Segment Open
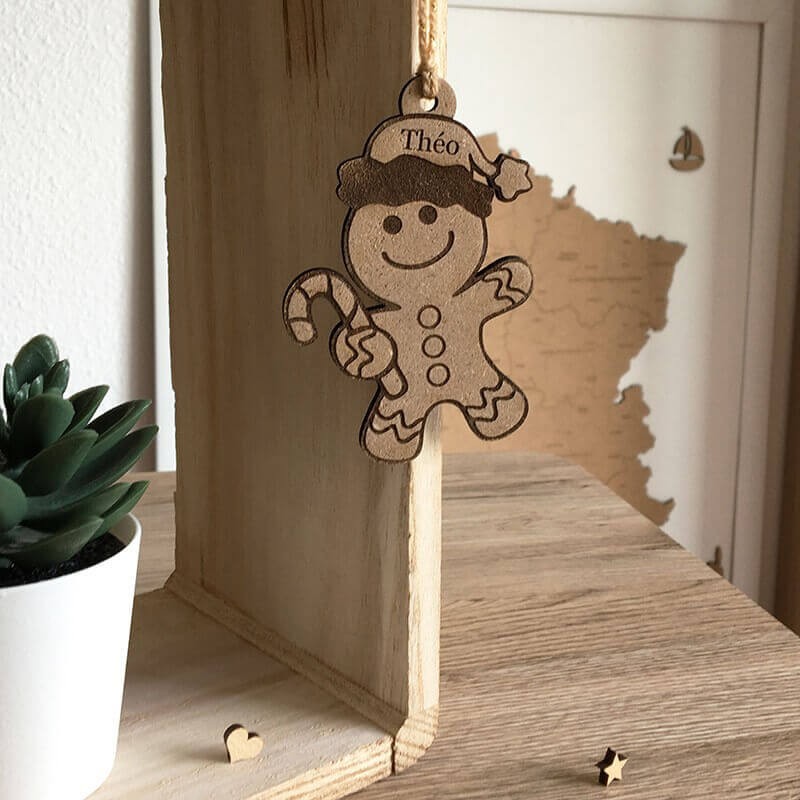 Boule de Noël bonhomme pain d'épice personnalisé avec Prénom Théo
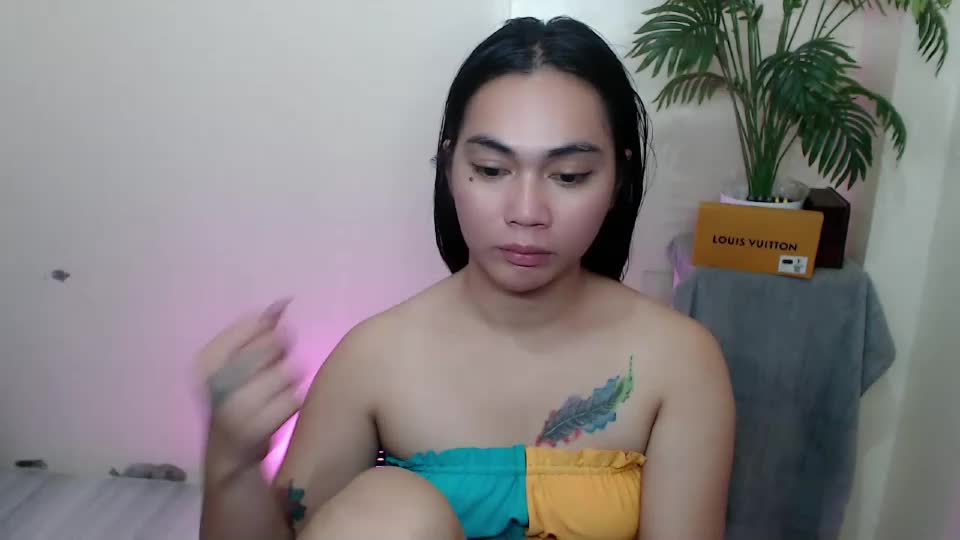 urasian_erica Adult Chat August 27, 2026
Segment Closed
Segment Open
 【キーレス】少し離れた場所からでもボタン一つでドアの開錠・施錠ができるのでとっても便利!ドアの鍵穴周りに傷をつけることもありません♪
Segment Closed
(Task brief) Go to the line above holding "Boule de Noël", then copy exactly each line down to and including the one holding "urasian_erica Adult Chat August 27, 2026", leaving pictures out.

(Solution below)
 Boule de Noël bonhomme pain d'épice personnalisé avec Prénom Théo
 urasian_erica Adult Chat August 27, 2026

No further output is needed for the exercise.